Quad-core chips promise better performance and lower power consumption. Best of all, they'll fit into dual-core slots.

The allure of new quad-core chips from Advanced Micro Devices and Intel is pretty straightforward: faster processing. But, like dual-core systems that have become so common, they can deliver speed while reducing heat and power consumption.

'All [information technology] used to say was, 'Give me more clock speed,' ' said John Fruehe, worldwide business manager for AMD's Opteron chip. But physics caught up with chip design: High speeds produce a lot of heat, putting a limit on how fast they can operate. Multiple cores, even running at slower speeds, increase the processing power of the chip.

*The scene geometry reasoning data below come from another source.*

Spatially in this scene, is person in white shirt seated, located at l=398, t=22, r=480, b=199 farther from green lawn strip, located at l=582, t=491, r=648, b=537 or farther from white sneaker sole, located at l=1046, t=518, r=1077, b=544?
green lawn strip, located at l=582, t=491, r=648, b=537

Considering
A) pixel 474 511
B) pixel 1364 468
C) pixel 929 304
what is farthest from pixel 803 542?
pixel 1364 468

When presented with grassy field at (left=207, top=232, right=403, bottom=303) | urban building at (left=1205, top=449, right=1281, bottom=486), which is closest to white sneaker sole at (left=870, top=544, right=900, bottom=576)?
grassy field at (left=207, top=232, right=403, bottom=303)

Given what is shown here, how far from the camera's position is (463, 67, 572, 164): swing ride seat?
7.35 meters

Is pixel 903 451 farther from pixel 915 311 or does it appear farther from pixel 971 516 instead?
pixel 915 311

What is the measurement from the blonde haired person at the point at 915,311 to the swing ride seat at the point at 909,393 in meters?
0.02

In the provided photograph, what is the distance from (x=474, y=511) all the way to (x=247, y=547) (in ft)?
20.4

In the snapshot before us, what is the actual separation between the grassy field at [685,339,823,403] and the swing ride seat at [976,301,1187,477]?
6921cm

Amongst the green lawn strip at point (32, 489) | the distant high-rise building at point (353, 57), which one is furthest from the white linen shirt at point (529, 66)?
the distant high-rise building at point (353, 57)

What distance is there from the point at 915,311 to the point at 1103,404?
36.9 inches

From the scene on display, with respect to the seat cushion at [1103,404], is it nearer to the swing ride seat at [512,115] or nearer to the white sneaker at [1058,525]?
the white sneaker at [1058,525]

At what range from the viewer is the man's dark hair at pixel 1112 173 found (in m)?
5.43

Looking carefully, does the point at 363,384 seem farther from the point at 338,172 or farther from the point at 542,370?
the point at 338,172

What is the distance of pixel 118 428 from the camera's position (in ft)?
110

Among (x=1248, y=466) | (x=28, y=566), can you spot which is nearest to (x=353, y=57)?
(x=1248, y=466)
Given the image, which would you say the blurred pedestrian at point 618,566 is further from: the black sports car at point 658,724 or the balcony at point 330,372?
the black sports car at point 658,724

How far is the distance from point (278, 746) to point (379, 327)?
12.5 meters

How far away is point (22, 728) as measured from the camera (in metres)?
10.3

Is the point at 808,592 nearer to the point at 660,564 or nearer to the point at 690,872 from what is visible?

'Rather than doing one thing faster, multicores do many things at the same time, each slightly slower,' said Fruehe.

'Chip manufacturers believe quad-core is better and faster,' said Roger Kay, president and founder of Endpoint Technologies Associates. As inevitably happens with every level of chip, dual-core processors have run into the usual walls: performance, power, heat and cost. With quad-cores, manufacturers can decrease the clock speed ' without sacrificing performance ' which lowers the heat and accompanying power needs.

All this should sound good to agencies: better performance, lower power demands and less heat to handle. To make it even easier, most modern operating systems ' including Windows, Linux and Solaris ' innately recognize multicore chips, support multithreading and will take care of multitasking chores pretty handily, even if the applications themselves aren't multithreaded. And if you really want to wring the cycles out of quad-core chips, you can always parallelize your application: After all, you'll probably only have to do it once.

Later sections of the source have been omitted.